Other countries around the world and some U.S. communities have begun to evaluate and redesign their current systems to encourage resource recovery and to create a more materials-efficient economy. American companies who do business overseas are already redesigning their products and manufacturing processes to meet the Zero Waste standards adopted by other countries. If they can do it there, they can do it here.

Why is Zero Waste Important?

The system of consumption and wasting that drives our demand for raw materials creates an unsustainable demand on natural resources as well as an enormous environmental hazard on the disposal end.

Zero Waste Principles

  • Redesigning Products and Packaging for Durability, Reuse and Recyclability
    Instead of perpetuating our throwaway society, products are designed using fewer material types that could be easily reused or repaired when they have outlived their usefulness.

  • Creating Jobs from Discards
    Wasting materials in a landfill also wastes jobs that could be created if those resources were preserved. According to the groundbreaking report, Wasting and Recycling in the United States 2000, "On a per-ton basis, sorting and processing recyclables alone sustains ten times more jobs than landfilling or incineration." According to the report, some recycling-based paper mills and recycled plastic product manufacturers employ 60 times more workers on a per-ton basis than do landfills. The report adds, "Each recycling step a community takes locally means more jobs, more business expenditures on supplies and services, and more money circulating in the local economy through spending and tax payments."

  • Producer Responsibility
    Zero Waste puts the responsibility for materials entering the waste stream on the front-end with the manufacturer, not on the consumer, at the back-end of the product's life.

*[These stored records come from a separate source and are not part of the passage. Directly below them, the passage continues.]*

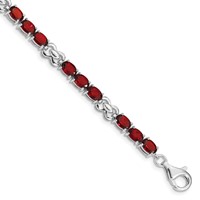 Sterling Silver Rhodium-plated Garnet Bracelet view 1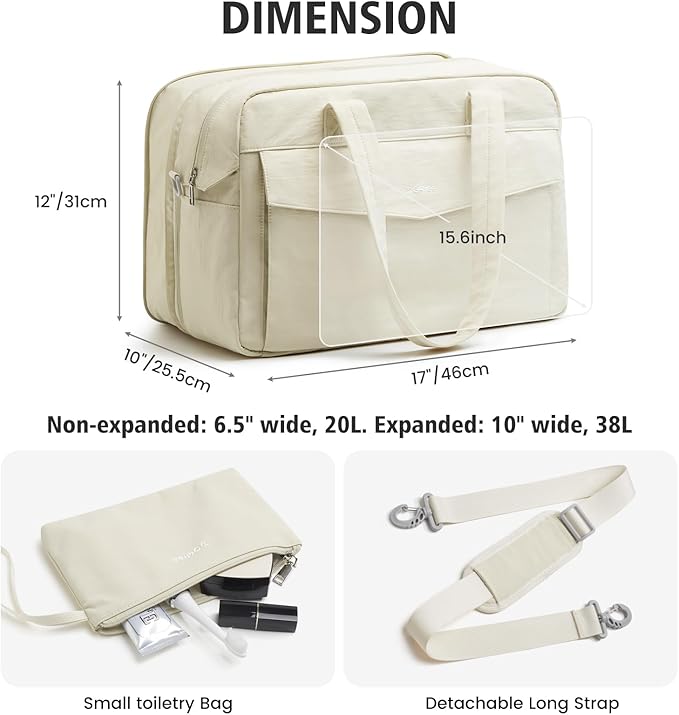 G4Free Expandable Duffle Bag for Travel Weekender Overnight Carry On Tote Duffel Bags for Men Women (Beige)
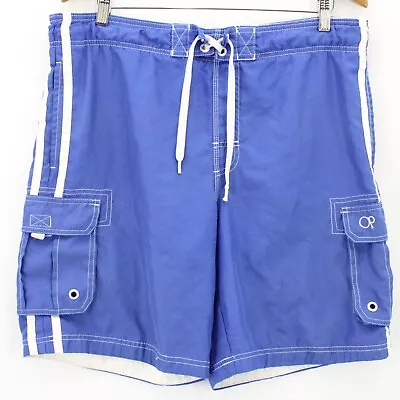 Vintage OP Ocean Pacific Shorts Mens Blue Drawstring Surfing Beach Size M Y2k • $16.24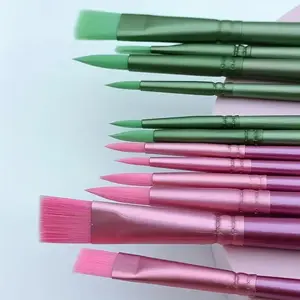 Professional Artist Paint Brush Set, 1 Set Nylon Bristles & Wooden Handle Brush, Round & Flat Tips for Watercolor Painting, Art Students Supplies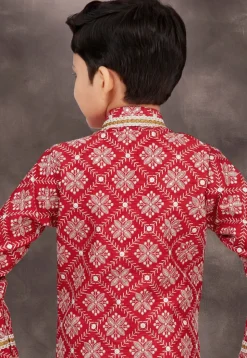 Embroidered Art Silk Jacquard Sherwani in Maroon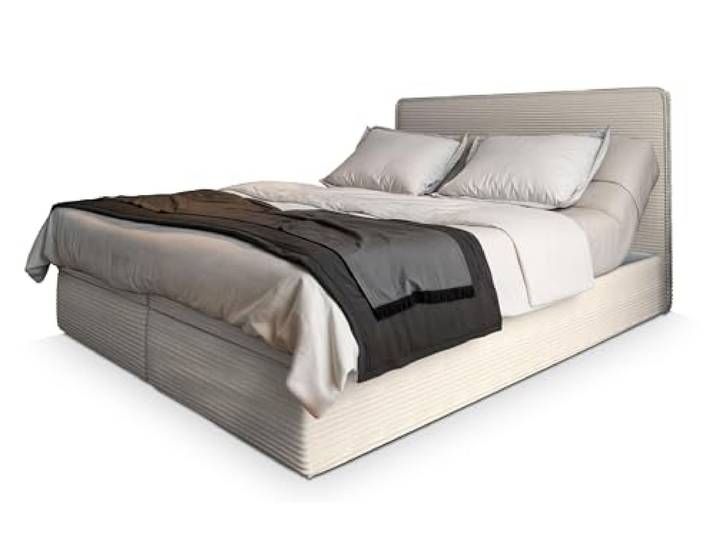 Masseno Boxspringbett Astor 180x200 cm Komplett-Set mit Matratze und Topper, Polsterbett mit Zwei Bettkästen -Creme, Lincoln 03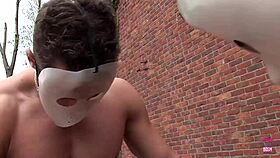 hey, watch this smoking hot blonde babe handle threesome blowjobs outdoors!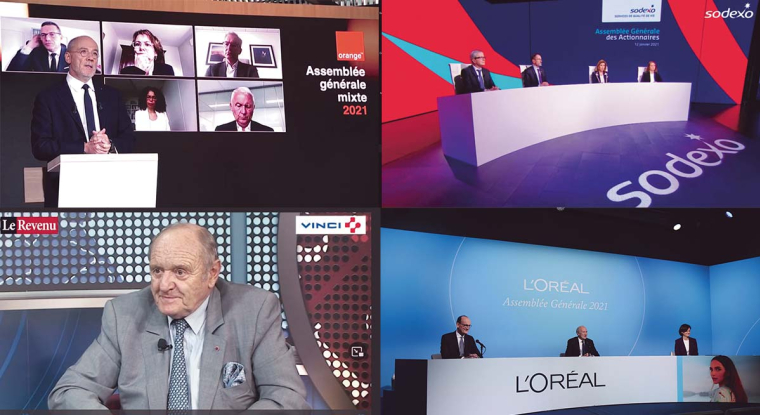 Les assemblées générales ont presque toutes eu lieu à huis clos, la plupart des entreprise ont maintenu le dialogue avec leurs actionnaires par le truchement de retransmissions numériques et d'émissions de télévision. (© Le Revenu/Orange/Sodexo/L'Oréal)
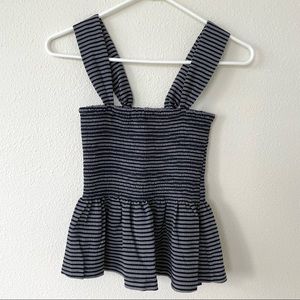 NWT Madewell Blue and White Striped Smock Peplum Top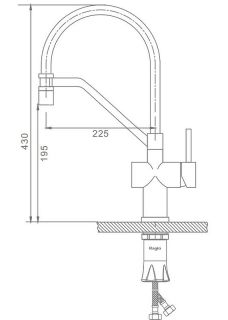 Смеситель для кухни Raglo R86.41.03 со съемным изливом на магните золотой сатин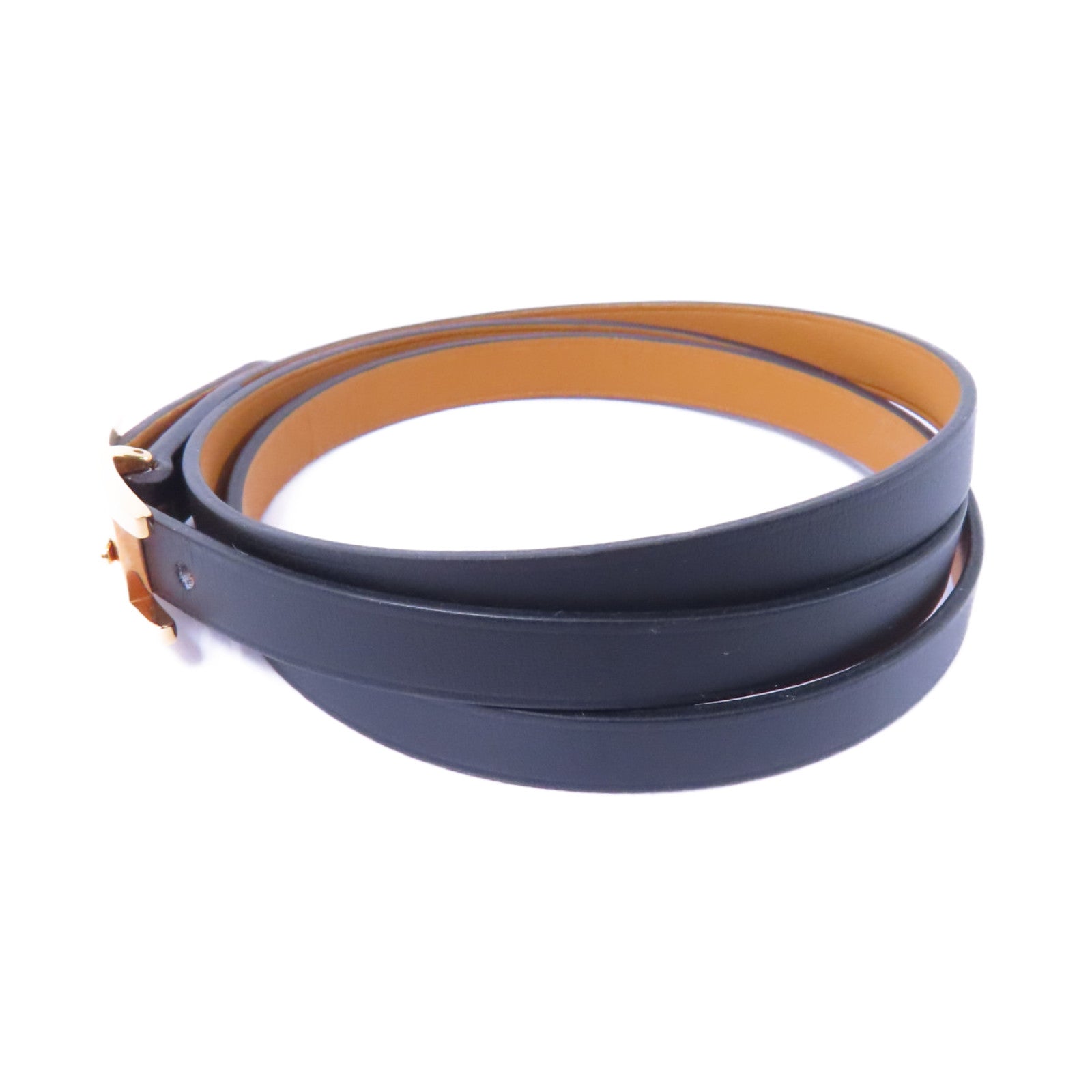 HERMES Swift皮革Behapi Double Tour Bracelet金扣手鏈黑色/啡色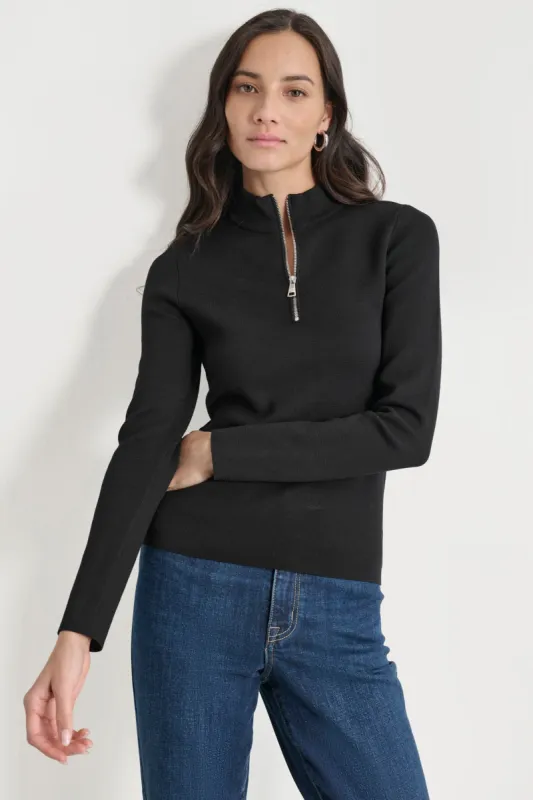 FULL NEEDLE HALF ZIP FRONT TOP sold by DKNY
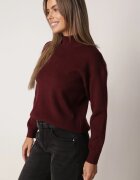 glo-story Cu guler înalt clasic cu structură cu nervuri Zircona Bordo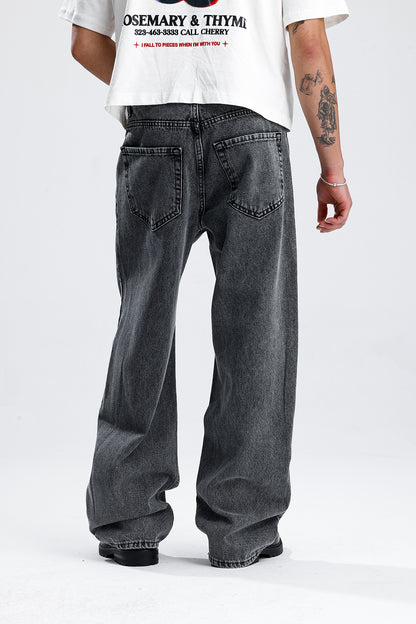 ATE Premium Gri Baggy Kot Pantolon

The end result is that manufacturers redesign products to reduce material consumption and facilitate reuse, recycling and recovery.

  • True Cost Accounting
    The price of a product does not currently reflect the full costs of the environmental degradation and public health impacts associated with the virgin resource extraction, processing, manufacture, transportation, and disposal of that product. When the market prices begin to include such costs, the more environmentally-friendly product will also be the less expensive.

  • Investing in Infrastructure, Not Landfills
    In many communities, strategies like unit-based pricing for garbage collection (commonly known as Pay-As-You-Throw) have created tremendous incentives for residents and businesses to reduce waste and have resulted in higher landfill diversion rates. Rather than using the tax base to build new landfills or incinerators, communities have also invested in recycling, composting, and reuse facilities. In some cases, communities have created integrated discard "malls" where various recycling and reuse businesses coexist in a location where consumers can come to drop-off any unwanted item.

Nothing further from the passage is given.